The book Gandhi Before India highlights the important moments and people in Mahatma Gandhi's early years, which reshaped his life and contributed to his journey in becoming the Father of the Nation.
"There are two questions people always ask me: Why I chose to write on Gandhi? (and) What new information this biography will give about him when there are 500 biographies already in the market," Guha said at the launch of the book Tuesday.
"For the first question, my answer is that throughout my life as a historian, professor and an environmentalist, I have always encountered him. And for the second question, I feel historians have always given a one-sided account of him," Guha offered to explain.
Guha found letters and clippings related to Gandhi at Sabarmati Ashram
Arguing that historians have always referred to Gandhi's personal writings for biographies, Guha pointed out, "There has to be more about Gandhi."
It was this conviction of digging deep and finding new sources that could throw light on Gandhi and his exchanges during his formative years.
Research for the books took Guha to many parts of the world, including South Africa. One of the prime resource for his research was Sabarmati Ashram in Gujarat, where he discovered a treasure trove of letters to Gandhiji and many clippings.
"Through these sources, I discovered a new way of rediscovering him and how various events shaped his life. From a lawyer to a freedom fighter, the change in ideas came with many associations and the company he kept," he mentioned.

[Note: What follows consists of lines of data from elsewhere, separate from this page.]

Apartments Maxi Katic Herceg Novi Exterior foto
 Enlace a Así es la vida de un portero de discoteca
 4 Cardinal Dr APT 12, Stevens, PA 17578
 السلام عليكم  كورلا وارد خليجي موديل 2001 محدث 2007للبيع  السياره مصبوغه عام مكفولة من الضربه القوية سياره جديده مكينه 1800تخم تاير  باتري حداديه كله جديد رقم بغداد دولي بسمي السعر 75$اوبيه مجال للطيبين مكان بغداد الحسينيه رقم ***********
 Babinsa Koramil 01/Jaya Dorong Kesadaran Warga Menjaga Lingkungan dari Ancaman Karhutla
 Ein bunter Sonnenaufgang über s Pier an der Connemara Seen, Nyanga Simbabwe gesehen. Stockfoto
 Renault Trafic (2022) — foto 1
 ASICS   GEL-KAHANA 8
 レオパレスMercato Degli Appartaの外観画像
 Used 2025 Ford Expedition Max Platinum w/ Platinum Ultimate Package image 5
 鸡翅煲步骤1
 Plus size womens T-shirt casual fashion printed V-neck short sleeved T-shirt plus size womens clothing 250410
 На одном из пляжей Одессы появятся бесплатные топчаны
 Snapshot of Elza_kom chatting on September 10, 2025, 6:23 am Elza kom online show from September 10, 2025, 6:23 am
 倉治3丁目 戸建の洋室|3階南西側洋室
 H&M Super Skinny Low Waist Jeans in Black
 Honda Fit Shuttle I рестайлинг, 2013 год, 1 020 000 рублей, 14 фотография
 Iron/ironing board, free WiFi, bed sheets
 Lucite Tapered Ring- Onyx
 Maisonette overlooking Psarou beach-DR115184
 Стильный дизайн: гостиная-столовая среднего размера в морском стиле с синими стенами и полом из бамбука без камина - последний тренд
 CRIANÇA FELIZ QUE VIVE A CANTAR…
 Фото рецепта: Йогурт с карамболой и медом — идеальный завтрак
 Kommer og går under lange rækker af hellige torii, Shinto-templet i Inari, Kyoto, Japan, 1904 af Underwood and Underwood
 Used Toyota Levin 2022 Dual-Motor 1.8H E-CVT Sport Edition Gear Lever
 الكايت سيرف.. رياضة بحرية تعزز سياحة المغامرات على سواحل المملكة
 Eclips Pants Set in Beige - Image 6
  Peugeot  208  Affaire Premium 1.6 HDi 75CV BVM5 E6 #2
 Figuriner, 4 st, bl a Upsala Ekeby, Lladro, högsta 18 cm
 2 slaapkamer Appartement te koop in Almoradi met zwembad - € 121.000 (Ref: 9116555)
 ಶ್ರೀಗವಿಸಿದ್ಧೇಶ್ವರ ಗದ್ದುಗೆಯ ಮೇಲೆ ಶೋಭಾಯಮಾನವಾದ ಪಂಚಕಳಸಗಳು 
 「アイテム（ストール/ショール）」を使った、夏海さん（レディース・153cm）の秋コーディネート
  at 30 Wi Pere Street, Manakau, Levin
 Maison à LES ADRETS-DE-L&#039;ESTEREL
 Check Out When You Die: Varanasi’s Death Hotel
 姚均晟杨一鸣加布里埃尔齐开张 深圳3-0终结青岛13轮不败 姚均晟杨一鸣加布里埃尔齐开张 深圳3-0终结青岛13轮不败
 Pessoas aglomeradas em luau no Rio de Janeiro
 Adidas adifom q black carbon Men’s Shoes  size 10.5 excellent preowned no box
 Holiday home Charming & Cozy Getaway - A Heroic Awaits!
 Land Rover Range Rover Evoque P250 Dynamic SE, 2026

"To properly understand him, one has to look from all angles, and not just his own. During my research, I came across many new names who had been his inspiration, many followers, friends and enemies. Each in their own way have contributed in shaping up his ideologies," he said.
It was also during this research, Guha said he laid his hands on what he calls a "joyful discovery"- an obscure book that comprised Gandhi's mark sheets and attendance records.
"He was a mediocre student," he said.
The 640-page book also throws light on Gandhi's close associates.
"Gopal Krishna Gokhale and Leo Tolstoy had great influence on Gandhi. While Gokhale was a mentor to him, Gandhi was influenced by Tolstoy's writings," he said.
Tolstoy's "The Kingdom of God is Within You" had a great influence on Gandhi.
Guha argues Gandhi would have never come out of the role of a bania (that he was born in), had he succeeded as a lawyer.
"He learnt about class diversity, religious diversity and linguistic diversity when he represented people of all classes in South Africa and saw racism. It contributed in changing his ideologies," he said.